Throwing the doors open

In order to attract more investors, Iran has been working on introducing better contract terms that can encourage a larger number of International Oil Company (IOCs). Even though the initial Buyback contracts had not hindered foreign companies from entering the Iranian market in the past, the government introduced the Iran Petroleum Contracts (IPC) to attract more investments that it currently needs to rebuild the domestic energy sector.

IPCs provide more flexibility over companies’ reward structures and contract timelines. It can also potentially allow for a joint venture to develop an asset, which could allow foreign oil companies to book reserves.

“Cooperation with an Iranian partner remains a hurdle for the IPC but Iran is coming under pressure to make it more favourable for IOCs,” Ehsan Ul-Haq, senior analyst at KBC Energy Economics, said.

As part of these contracts, “IOCs are expected to develop fields and spend the money required both for OPEX and CAPEX. This is bound to kickstart the stagnating Iranian economy, and bring in much needed liquidity and also create thousands of jobs,” according to Handa.

Job creation is the need of the hour in the Islamic Republic in order to reinvigorate the Iranian market. However, Iran’s nationalisation targets will apply pressure to international operators entering or re-entering Iran. There is a need, for example, to submit a draft organisation chart to the Ministry of Labour for each project, showing the roles that cannot be filled locally. As Western companies re-enter Iran, compensation packages also need to be carefully considered. Managing expectations around infrastructure contribution within contract values will need to be managed thoughtfully.

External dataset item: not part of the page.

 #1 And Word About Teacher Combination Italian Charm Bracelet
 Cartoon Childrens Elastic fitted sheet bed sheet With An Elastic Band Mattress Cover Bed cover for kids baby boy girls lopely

According to Jon France, regional manager – EMENA, Petroplan, “The market for oil and gas workers in Iran is huge, but staffing is likely to pose a particular challenge for foreign firms. Iranian workers bring language skills, cultural understanding and willingness to the table, but the management methods and technical skills developed outside of the country during the period of sanctions may need to be part of the training.”

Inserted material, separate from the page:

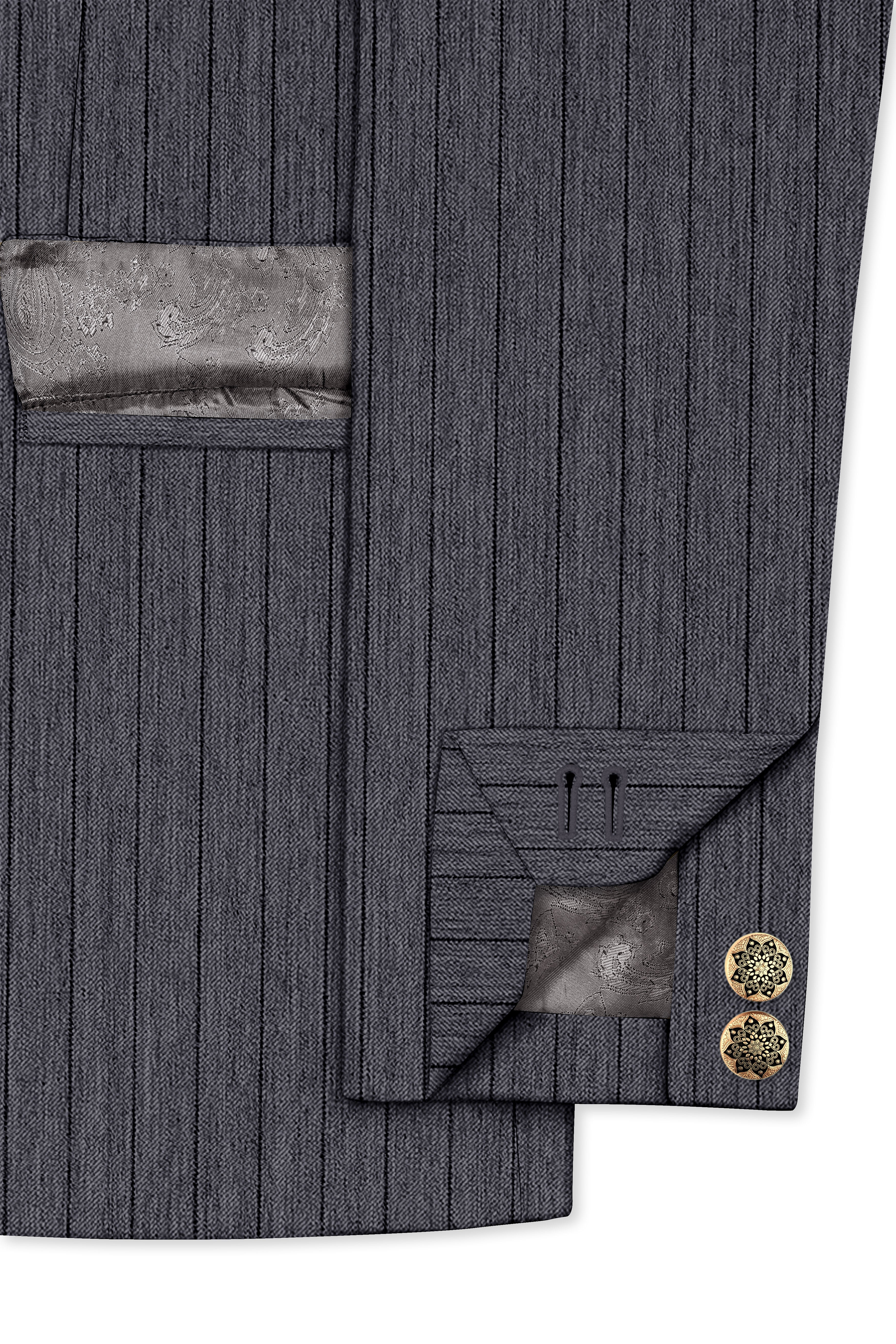 Noctaro-Vampire Gray Pin Striped Wool Rich Cross Placket Bandhgala Slight Stretch Suit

“This gap will need to be filled by expatriate workers for an initial period. The disciplines in which Iran is currently experiencing talent shortages are project management, commercial, strategy, health, safety and environment (HSE), deep water, and new technology roles,” France says. “Finding, vetting and securing the best candidates to fill these niches is another area where recruiters can add value and free up internal HR resource.”

Trump disruption possible?

Where these prospects will lead to is highly speculative as the future of the nuclear deal between Iran and the West remains unclear. US President Donald Trump has repeatedly expressed his discontent with the agreement, referring to it as a “really, really bad deal.”

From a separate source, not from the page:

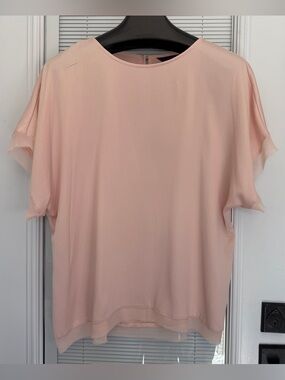 Rachel Roy Top Size 2X Blush Pink Loose Fit Flowy Textured Silky Chiffon Trim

Iranian President Hassan Rouhani responded to these comments, saying that the deal is not re-negotiable regardless of how Trump feels about it. According to Rouhani, going back on the deal was not possible as it is a multilateral agreement, rather than a bilateral one, that was also signed by other countries including Britain, China, France, Germany and Russia.

In a press conference commemorating the anniversary of the deal’s implementation, Rouhani said that re-negotiating the deal “is like saying that we should turn a shirt back to cotton.”

“The President-elect (at the time) has shown he is not happy about the nuclear deal, calling it the worst deal ever signed,” he said to reporters. “I don’t think he can do much when he goes to the White House.”

Meanwhile, Trump’s defence secretary, James N. Mattis said, “I think this is an imperfect arms control agreement — it’s not a friendship treaty. But when America gives her word, we have to live up to it and work with our allies.”